The hope would be that banks’ more speculative activities – their investment banking operations in the main – would be seen by their creditors as inherently more risky. And that these creditors would have a powerful motive to prevent those banks taking dangerous risks.

Which is good in theory. Except that if a Goldman Sachs or a Barclays Capital went kaput today, it is inconceivable that it would not cause horrific contagion, both to other financial institutions and to the economy (if for example asset prices collapsed or the rug was pulled from under important non-financial companies).

So unless and until these investment banks can be massively shrunk in respect of size and scope, there would probably still be state protection for the more speculative activities of universal banks such as Barclays or Royal Bank of Scotland.

So Myners and the British government also favour some kind of Obama-style insurance fee to be paid by banks, such that the costs of any bailout would be met by bank and their owners, not by taxpayers.

But there’s a problem with creating a blanket insurance scheme of that sort: it would provide an unwelcome new incentive to unscrupulous banks and bankers to take crazy risks in pursuit of short-term profits and bonuses; if the bankers’ bets went wrong, the insurance scheme would pick up the tab.

In other words, bank insurance schemes re-import to the banking system more-or-less the same moral hazard problems as the free insurance that has been provided by taxpayers (without our assent or knowledge) to too-big-to-fail institutions such as Royal Bank and HBOS.

And, by the way, the Bank of England has demonstrated the financial benefit of that free insurance to big banks: over an extended period, they were able to borrow more cheaply than smaller banks perceived by creditors not as inherently more likely to fail, but as less likely to be bailed out by taxpayers were they to get into trouble.

As for what the former fund manager Myners has to say about how shareholders can become more diligent and wise stewards of companies, here he makes a point that was largely ignored in the recent furore over Kraft’s takeover of Cadbury – which is that it is the acquirer of a company and that bidding company’s owners that are more often damaged by a takeover than the target company.

Think RBS and the rump of ABN, which RBS bought in the autumn of 2007. RBS and its shareholders were seriously poisoned by the deal.

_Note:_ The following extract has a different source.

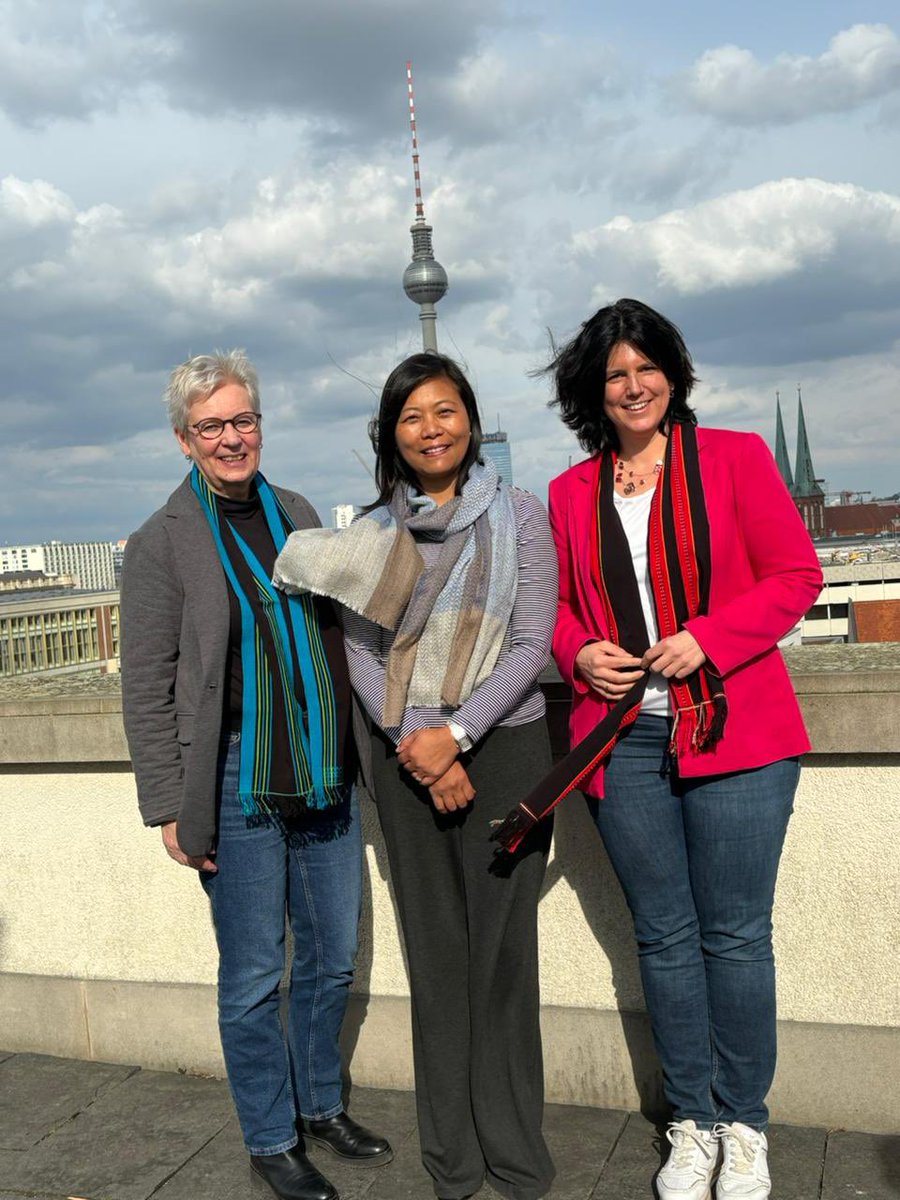 Had a wonderful lunch meeting hosted by <a href="/GermanyDiplo/">GermanForeignOffice</a> &amp; met Members of Parliament <a href="/MariaKlSchmeink/">Maria Klein-Schmeink</a> &amp; <a href="/carina_konrad/">Carina Konrad</a> who shared that with more women parliamentarians the German govt has passed more women friendly policies. This is the power of women representation.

ABN and its owners should forever be profoundly grateful that RBS’s board put aspiration for global domination ahead of commercial common sense.

Here’s the relevant nannyng point: Britain’s code on takeovers and mergers was created primarily to give protection to shareholders in the biddee not the bidder.

It is designed to ensure that a biddee’s shareholders are not prevented from entertaining a full and proper takeover offer by the selfishness of blocs of minority shareholders or the fear of the biddee’s management that they’d be out of a job were the deal to go through.

But if in the end it is the bidder which suffers more often than not – through having paid too much in an acquisition or through having bitten of way more than can be chewed and digested – perhaps it is shareholders in the bidding company which deserve a bit more protection.

This of course will be at the forefront of the minds of the Prudential shareholders today, as they agonise over whether to support the Pru management’s record-breaking $35.5bn offer to buy AIA.